The Economic Problem

  • The economic problem arises from a conflict between unlimited wants and scarce resources.

  • Our wants and desires are virtually unlimited.

  • Resources are scarce, not freely available, and have a positive price.

  • The core scarcity condition: unlimited wants vs scarce resources with a positive price.

  • Consequence: you must choose among many possible wants and must forgo satisfying some others.

  • Definition: Economics is the study of how people use their scarce resources to satisfy their unlimited wants.

Resources

  • Resources are inputs or factors of production used to produce goods and services.

  • Major resource categories:

    • Labor: physical and mental effort used to produce goods and services.

    • Capital: buildings, equipment, and human skills used to produce goods and services; associated payment is

    • Interest for the use of capital.

    • Natural resources: all gifts of nature used to produce goods and services; can be Renewable or Exhaustible; payment to resource owners is Rent.

    • Entrepreneurial ability: talent to dream up a new product or find a better way to produce; profit arises as reward for entrepreneurial ability.

  • Distinctions:

    • Physical capital vs. Human capital (human capital = knowledge and skills that increase productivity).

    • Renewable vs. Exhaustible resources.

  • Economic definitions:

    • Labor: effort used to produce goods and services; wages are the payment for labor.

    • Capital: inputs other than labor that contribute to production; interest is the payment for capital use.

    • Rent: payment to resource owners for the use of natural resources.

Goods and Services

  • Good: tangible product satisfying a human want.

  • Service: an activity or intangible product satisfying a human want.

  • Scarcity of a good or service exists if the quantity desired exceeds the quantity available at a zero price.

Scarcity and Choice

  • Making choices in a world of scarcity means forgoing some goods and services.

  • The best things in life are not free; most goods and services are scarce.

  • The phrase "There is no such thing as a free lunch" means that even allegedly free goods involve costs (scarce resources) borne by someone, often with an expectation of something in return.

Economic Decision Makers

  • Decision makers in the economy include:

    • Households

    • Firms

    • Governments

    • Rest of the world

  • Their interactions determine how resources are allocated in the economy.

  • Households: as consumers demand goods/services and as resource owners supply resources to markets.

  • Firms, Governments, Rest of the World: demand resources and produce goods/services.

Markets

  • Market: set of arrangements by which buyers and sellers carry out exchange at mutually agreeable terms.

  • Product market: where goods/services are bought and sold.

  • Resource market: where resources (labor, capital, etc.) are bought and sold.

A Simple Circular-Flow Model

  • Circular-flow model: diagram tracing the flow of resources, products, income, and revenue among decision makers.

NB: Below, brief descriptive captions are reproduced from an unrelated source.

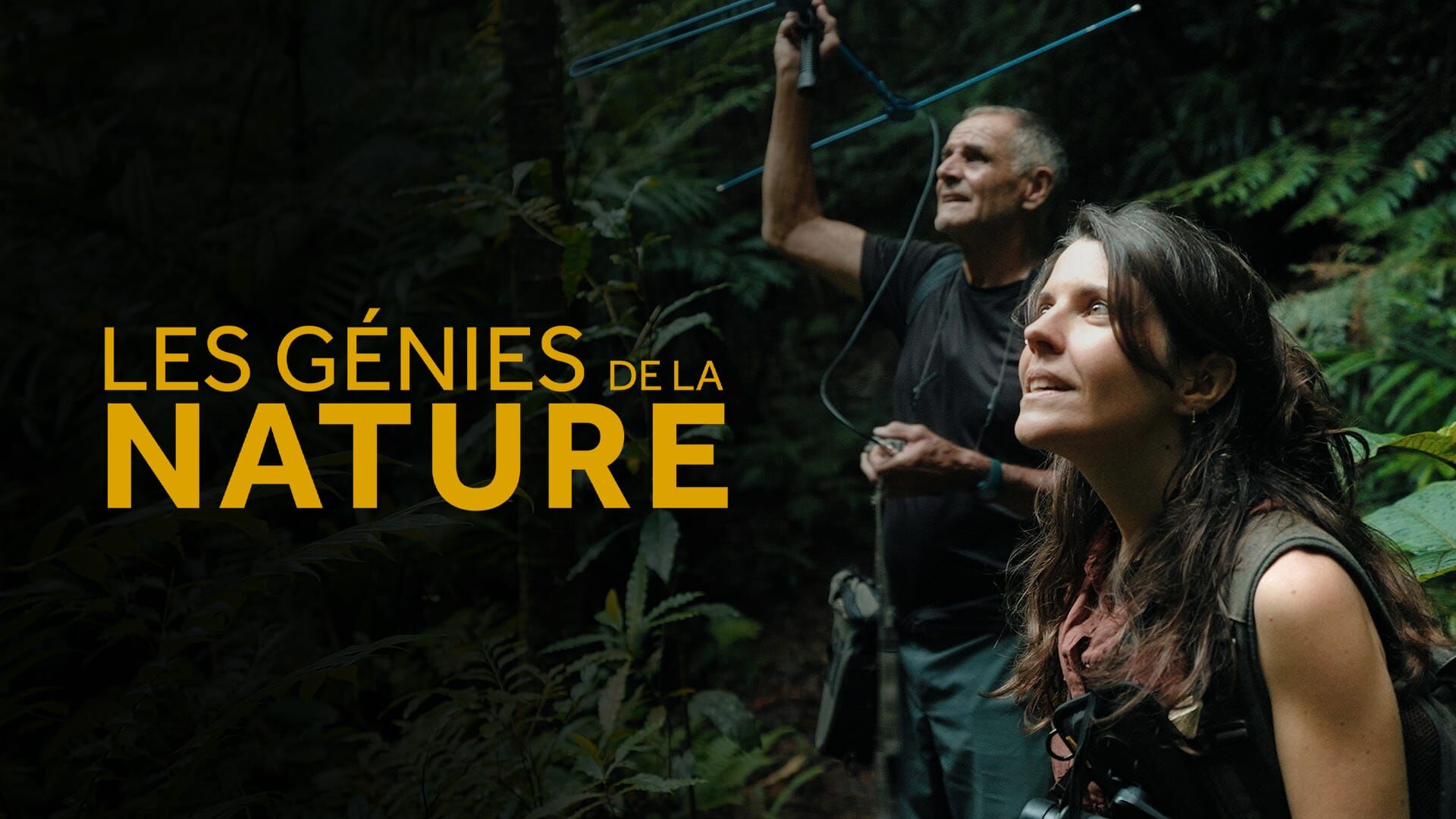 En Nouvelle-Calédonie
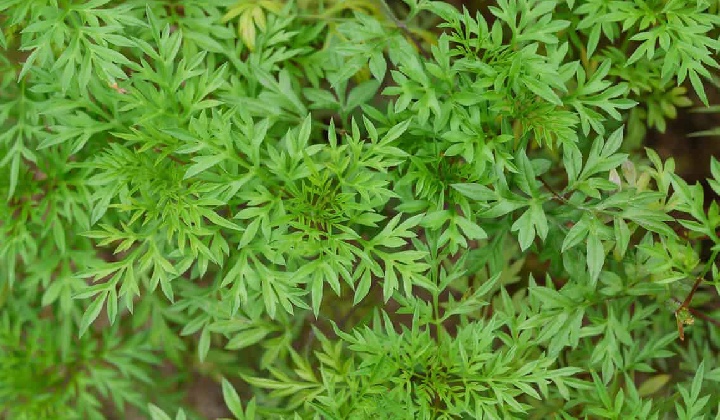 In malay mugwort THE POTIONS,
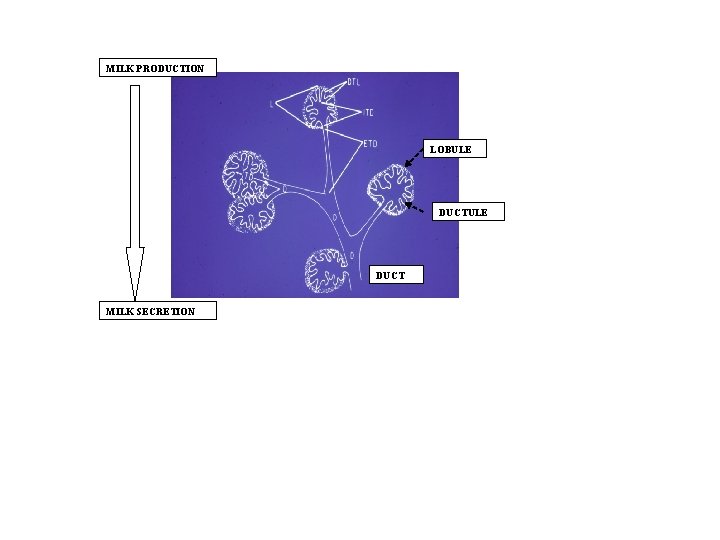 MILK PRODUCTION LOBULE DUCT MILK SECRETION 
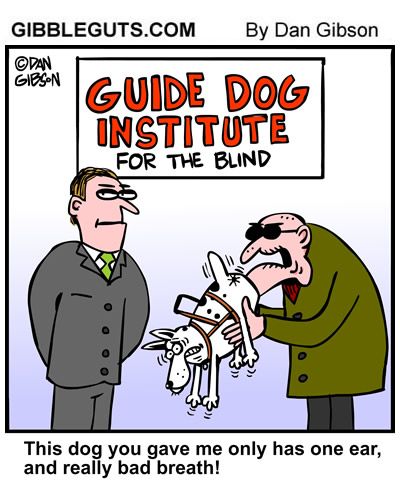 guide-dog-blind.jpg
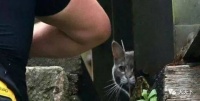 昂贵的救援行动！7500美元的救援只为一只宠物猫，结果猫大人自己溜达回家了……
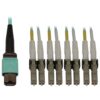 Tripp Lite series 40/100/400G Multimode 50/125 OM3 Fiber Optic Cable (12F MTP/MPO-PC to 4x Duplex LC/PC F/M), LSZH, Aqua, 5 m (16.4 ft.)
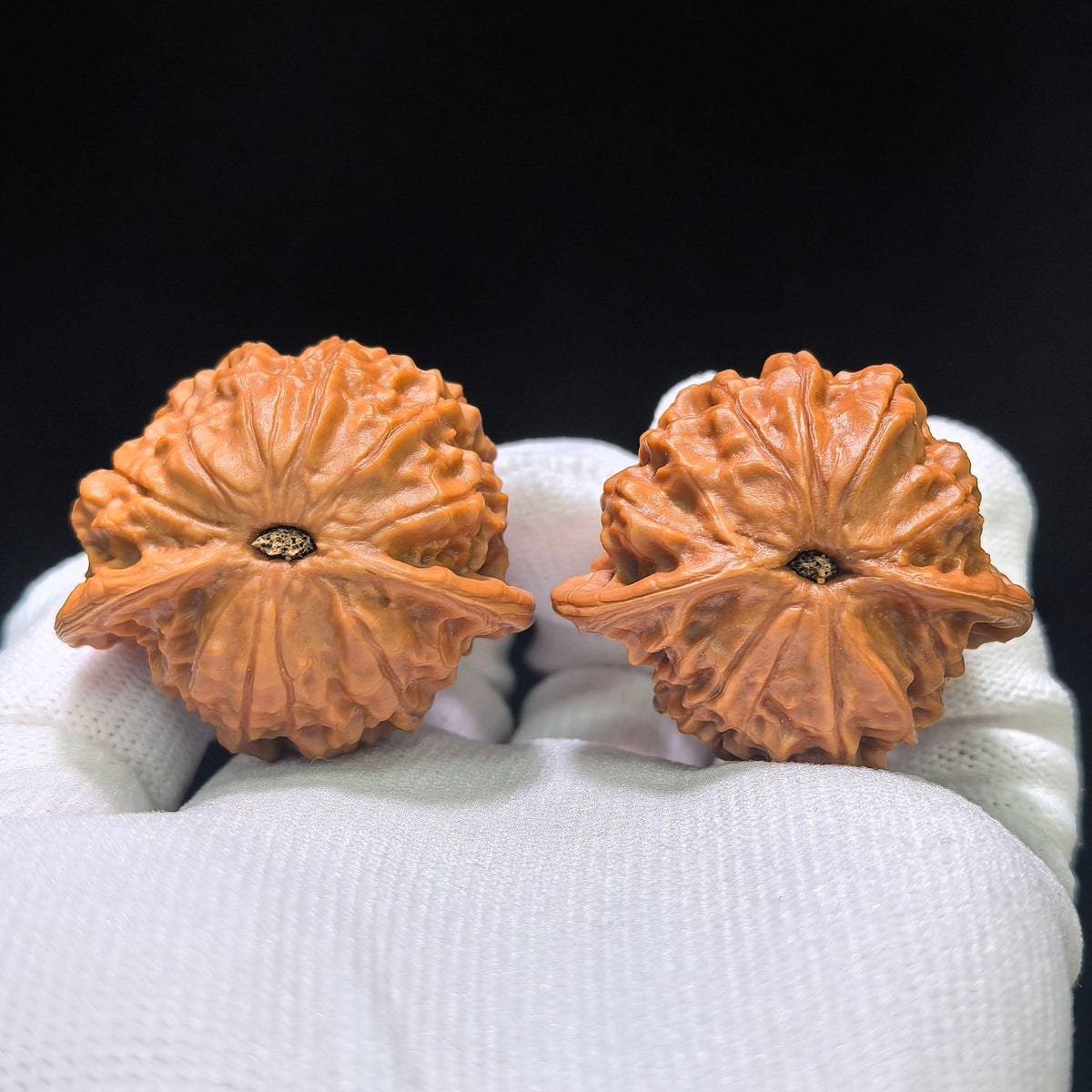 "Porcelain Doll Turtle Back" Cwwwgb-CG211E Wenwan Walnuts Pair | 40.0mm x 37.0mm | CWWWGB-CG211E - ThePatinaProject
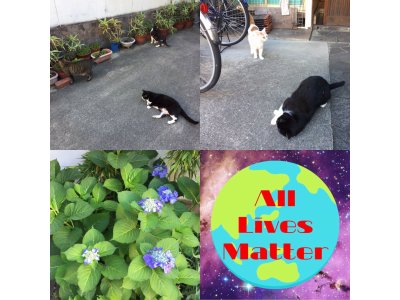 おはようございます。きょうも元気な笑顔で頑張りましょうね。
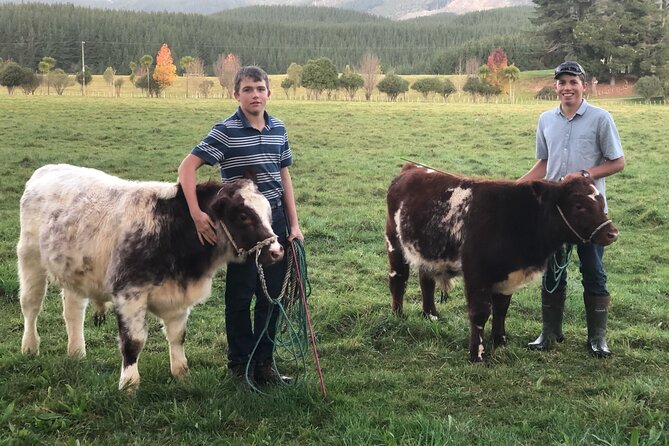 Country Experience at Mohaka River Farm - Pony Petting and Interaction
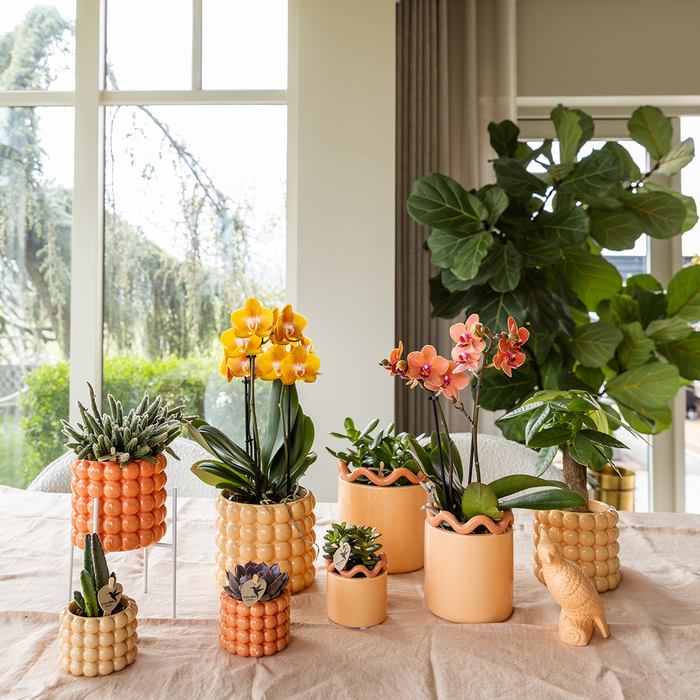 Kolibri Orchids | Las Vegas orchidee oranje/geel + Poppy Peach sierpot – potmaat Ø12cm | bloeiende kamerplant – vers van de kweker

  • Simple model focuses on interactions between Households and Firms.

  • Mechanism:

    • Households earn income by supplying resources to resource markets.

    • Firms demand resources to produce goods/services and supply them to product markets.

    • Households spend income to demand goods/services.

    • Spending flows through product markets as revenue to firms.

Rational Self-Interest (Behavioral Foundations)

  • Individuals are rational:

    • They make the best choice given available information.

    • They maximize expected benefits given costs; minimize expected costs to achieve a given benefit.

  • The lower the personal cost of helping others, the more help we offer.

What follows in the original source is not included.